2. By the nature of the job, vice presidents look weak. It is a servile job, filled with indignities, funerals, and ceremonial tasks. Even the vice presidents treated with respect by their presidents and given real duties suffered. Ask Walter Mondale and Al Gore. Even Bush I, whose bravery was demonstrated in war, had to defend himself against unfair charges that he was a "wimp." It doesn't help that Obama saddled Biden with what Politico's Glenn Thrush once called the administration's "lost causes," putting him in charge of selling the unpopular stimulus in 2009, the doomed jobs bill, and the modest stab at gun control.
3. Too many people can't take him seriously. It is a fate suffered by many vice presidents. Democrats once ran an ad against Spiro Agnew that just included 20 seconds of nonstop laughter with the tagline: "This would be funny if it weren't so serious." Dan Quayle never was able to be taken seriously. It is very tough for any vice president to overcome what Chris Cillizza of The Washington Post once called "the too jokey/too gaffe-prone-to-be-taken-seriously narrative." Sen. Ted Cruz had to apologize for his meanness for going after Biden while he was mourning the death of his son. But there was an element of unfortunate truth in what Cruz said about Biden: "You don't need a punch line … The next party you're at, just walk up to someone and say, 'Vice President Joe Biden' and just close your mouth. They will crack up laughing."
4. Along with the long resume come hundreds of votes that can be used against him.Expect to see lot of repetition of the biting criticism from former Defense Secretary Robert Gates. Gates wrote in his book Duty that Biden has been "wrong on nearly every major foreign policy and national security issue over the past four decades." His list included aid to Vietnam, the Shah of Iran, Iraq, Kuwait, and a variety of weapons systems. Foreign policy is supposed to be Biden's area of strength. But he can't even share credit with President Obama on the killing of Osama bin Laden because he tried to talk Obama out of the mission.
5. He has run twice before and shown himself to be a very bad candidate who can't raise money or put together a winning organization.
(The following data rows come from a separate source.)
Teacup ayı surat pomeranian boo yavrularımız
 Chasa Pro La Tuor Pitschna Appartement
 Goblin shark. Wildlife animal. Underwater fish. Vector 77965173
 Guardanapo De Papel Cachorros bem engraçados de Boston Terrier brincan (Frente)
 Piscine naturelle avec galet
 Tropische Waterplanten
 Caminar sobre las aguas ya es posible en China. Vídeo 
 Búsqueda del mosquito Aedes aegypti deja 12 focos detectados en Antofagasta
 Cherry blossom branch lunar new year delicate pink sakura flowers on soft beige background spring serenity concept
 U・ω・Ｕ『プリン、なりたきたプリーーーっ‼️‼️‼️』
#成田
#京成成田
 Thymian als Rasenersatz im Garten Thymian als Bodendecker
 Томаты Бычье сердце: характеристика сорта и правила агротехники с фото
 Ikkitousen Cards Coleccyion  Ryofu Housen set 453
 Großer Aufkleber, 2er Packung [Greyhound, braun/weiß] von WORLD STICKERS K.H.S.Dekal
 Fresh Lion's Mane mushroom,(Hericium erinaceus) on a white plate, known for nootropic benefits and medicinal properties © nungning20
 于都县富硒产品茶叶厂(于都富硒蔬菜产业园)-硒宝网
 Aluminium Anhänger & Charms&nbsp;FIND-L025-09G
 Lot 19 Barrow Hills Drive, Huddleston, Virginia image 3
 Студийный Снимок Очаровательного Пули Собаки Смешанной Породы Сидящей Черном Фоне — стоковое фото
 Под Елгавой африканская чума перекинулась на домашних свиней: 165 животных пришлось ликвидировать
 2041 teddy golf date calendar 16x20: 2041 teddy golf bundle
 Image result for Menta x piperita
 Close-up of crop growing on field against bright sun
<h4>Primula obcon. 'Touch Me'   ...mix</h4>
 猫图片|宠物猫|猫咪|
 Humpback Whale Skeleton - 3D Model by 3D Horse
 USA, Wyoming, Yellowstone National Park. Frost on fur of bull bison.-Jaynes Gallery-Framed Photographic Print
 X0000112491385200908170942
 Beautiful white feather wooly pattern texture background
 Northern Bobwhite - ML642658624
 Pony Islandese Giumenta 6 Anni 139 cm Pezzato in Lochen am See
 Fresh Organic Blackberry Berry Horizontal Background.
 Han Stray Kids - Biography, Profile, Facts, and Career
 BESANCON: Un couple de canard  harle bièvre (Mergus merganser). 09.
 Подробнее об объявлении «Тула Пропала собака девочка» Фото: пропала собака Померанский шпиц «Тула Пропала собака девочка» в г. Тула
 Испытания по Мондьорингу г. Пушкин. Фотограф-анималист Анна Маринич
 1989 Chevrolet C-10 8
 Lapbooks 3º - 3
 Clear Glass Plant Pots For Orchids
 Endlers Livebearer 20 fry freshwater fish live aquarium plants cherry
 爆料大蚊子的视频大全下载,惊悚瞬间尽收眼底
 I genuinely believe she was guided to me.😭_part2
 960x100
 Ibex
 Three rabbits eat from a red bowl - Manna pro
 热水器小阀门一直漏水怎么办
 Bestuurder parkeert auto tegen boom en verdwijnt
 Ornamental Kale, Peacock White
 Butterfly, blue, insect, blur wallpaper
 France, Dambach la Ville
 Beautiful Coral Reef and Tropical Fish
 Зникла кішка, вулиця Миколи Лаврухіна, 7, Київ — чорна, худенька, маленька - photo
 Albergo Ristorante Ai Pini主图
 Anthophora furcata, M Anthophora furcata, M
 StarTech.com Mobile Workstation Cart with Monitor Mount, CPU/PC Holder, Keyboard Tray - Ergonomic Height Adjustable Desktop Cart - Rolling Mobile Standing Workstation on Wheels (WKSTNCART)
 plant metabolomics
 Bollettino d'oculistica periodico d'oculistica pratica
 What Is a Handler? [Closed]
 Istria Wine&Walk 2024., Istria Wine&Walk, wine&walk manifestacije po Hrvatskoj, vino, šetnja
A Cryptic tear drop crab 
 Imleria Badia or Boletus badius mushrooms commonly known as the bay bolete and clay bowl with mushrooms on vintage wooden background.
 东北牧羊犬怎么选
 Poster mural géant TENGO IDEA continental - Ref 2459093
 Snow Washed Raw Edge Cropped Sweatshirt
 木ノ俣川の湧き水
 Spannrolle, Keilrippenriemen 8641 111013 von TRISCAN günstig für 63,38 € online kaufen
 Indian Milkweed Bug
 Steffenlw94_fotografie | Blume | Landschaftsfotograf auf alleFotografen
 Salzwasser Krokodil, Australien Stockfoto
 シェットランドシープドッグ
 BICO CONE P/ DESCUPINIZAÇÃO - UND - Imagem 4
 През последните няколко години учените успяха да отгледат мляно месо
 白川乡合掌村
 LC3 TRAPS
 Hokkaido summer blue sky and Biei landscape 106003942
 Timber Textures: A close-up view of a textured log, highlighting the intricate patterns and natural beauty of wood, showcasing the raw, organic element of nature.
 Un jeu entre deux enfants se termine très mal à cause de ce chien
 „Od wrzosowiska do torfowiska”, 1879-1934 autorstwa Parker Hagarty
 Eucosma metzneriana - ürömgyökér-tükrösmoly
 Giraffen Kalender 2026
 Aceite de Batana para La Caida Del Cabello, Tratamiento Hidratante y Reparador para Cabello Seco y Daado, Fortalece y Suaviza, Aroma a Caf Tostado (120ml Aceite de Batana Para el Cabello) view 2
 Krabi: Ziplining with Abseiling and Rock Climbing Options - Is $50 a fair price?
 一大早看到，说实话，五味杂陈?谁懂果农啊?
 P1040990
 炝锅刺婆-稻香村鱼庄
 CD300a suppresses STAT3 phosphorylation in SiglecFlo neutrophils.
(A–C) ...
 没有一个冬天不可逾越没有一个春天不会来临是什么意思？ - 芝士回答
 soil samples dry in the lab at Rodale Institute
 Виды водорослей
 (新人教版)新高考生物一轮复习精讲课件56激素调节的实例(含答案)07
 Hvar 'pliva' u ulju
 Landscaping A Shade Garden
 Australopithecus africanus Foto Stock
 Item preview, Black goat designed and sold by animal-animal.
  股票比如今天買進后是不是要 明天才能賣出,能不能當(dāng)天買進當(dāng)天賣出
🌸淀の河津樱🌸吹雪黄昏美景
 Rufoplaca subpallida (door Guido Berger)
He was likable and endearing but unable to organize any aspect of either an event or the larger campaign. This may be an instance where the long Washington resume works against him. His strength is being a Washington insider but that gets in his way in places such as Iowa and New Hampshire. In a moment of frustration during his losing 2008 bid, he insisted to Iowans that he was a better senator than Clinton, Obama, and John Edwards. He complained that Edwards "only passed four bills (and) they're all about post offices—I mean literally." Obama, he added, "hasn't passed any bills." And of Clinton, he said, "There's not a major bill I know with Hillary's name on it." Iowans yawned. Unimpressed with his bill-passing prowess inside the Beltway, they left him for dead in fifth place. It was enough to end his campaign.
But in a possible sign of things to come when he makes his decision about 2016, he announced that he had "not one single, solitary ounce of regret" about running and declared, "I ain't going away."